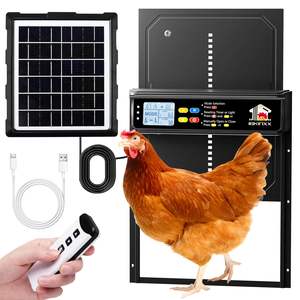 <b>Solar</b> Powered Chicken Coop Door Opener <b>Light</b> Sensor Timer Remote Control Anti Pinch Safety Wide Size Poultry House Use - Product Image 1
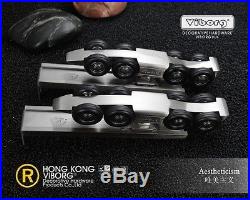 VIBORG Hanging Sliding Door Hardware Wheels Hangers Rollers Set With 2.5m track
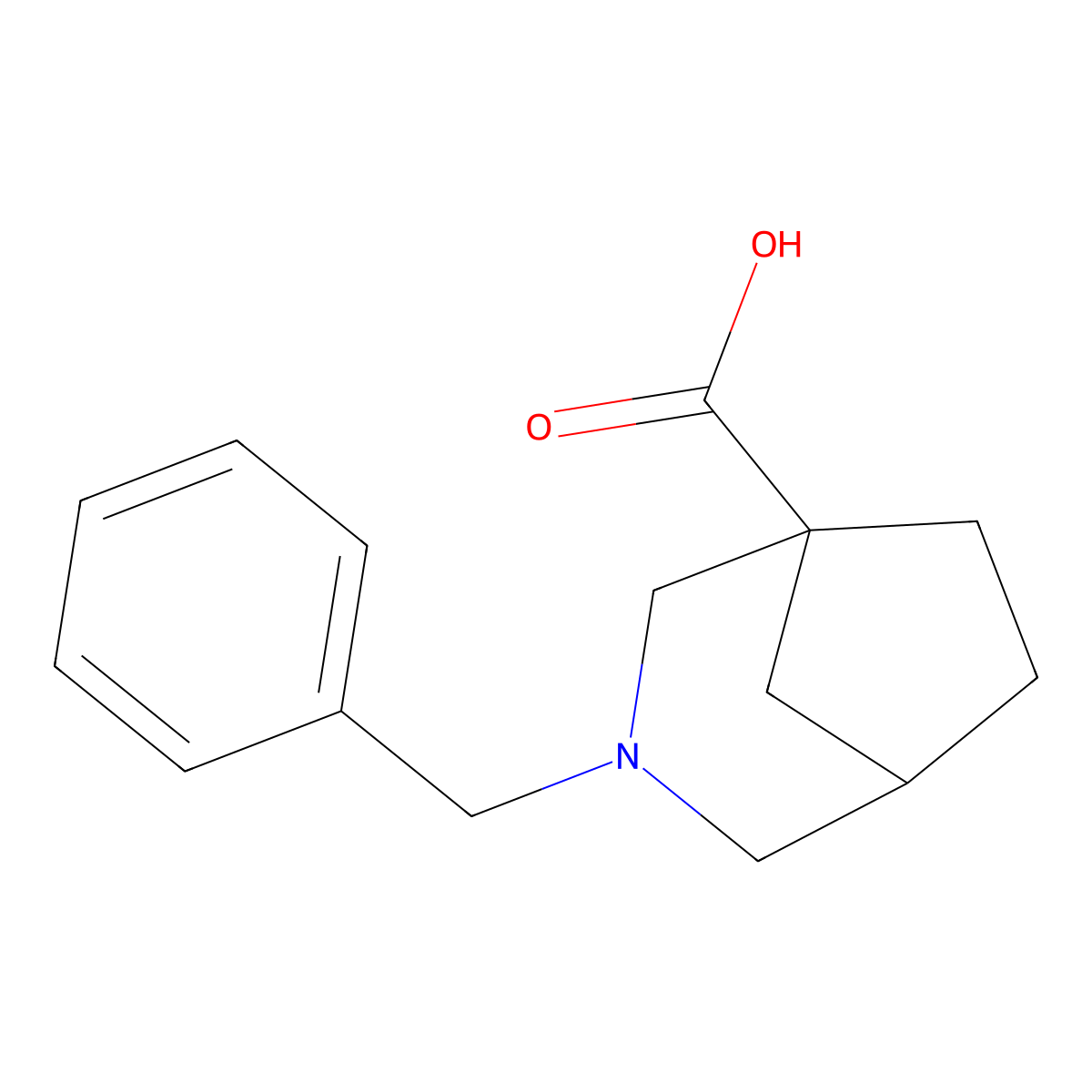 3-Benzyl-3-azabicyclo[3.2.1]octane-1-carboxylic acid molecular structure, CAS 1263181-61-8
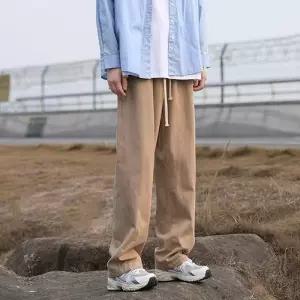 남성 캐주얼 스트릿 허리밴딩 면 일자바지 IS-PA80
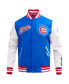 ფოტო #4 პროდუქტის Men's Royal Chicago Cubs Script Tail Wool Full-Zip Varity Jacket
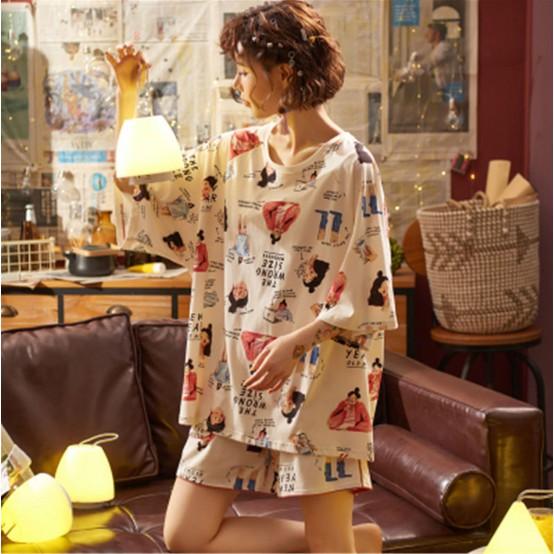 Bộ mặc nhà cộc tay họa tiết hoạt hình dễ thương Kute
· · · ·
### What you are asked to do
An exact copy of the listing is required, with every image removed.

### Response
 <b>Solar</b> Powered Chicken Coop Door Opener <b>Light</b> Sensor Timer Remote Control Anti Pinch Safety Wide Size Poultry House Use - Product Image 1
 VIBORG Hanging Sliding Door Hardware Wheels Hangers Rollers Set With 2.5m track
 3-Benzyl-3-azabicyclo[3.2.1]octane-1-carboxylic acid molecular structure, CAS 1263181-61-8
 남성 캐주얼 스트릿 허리밴딩 면 일자바지 IS-PA80
 ფოტო #4 პროდუქტის Men's Royal Chicago Cubs Script Tail Wool Full-Zip Varity Jacket
 Bộ mặc nhà cộc tay họa tiết hoạt hình dễ thương Kute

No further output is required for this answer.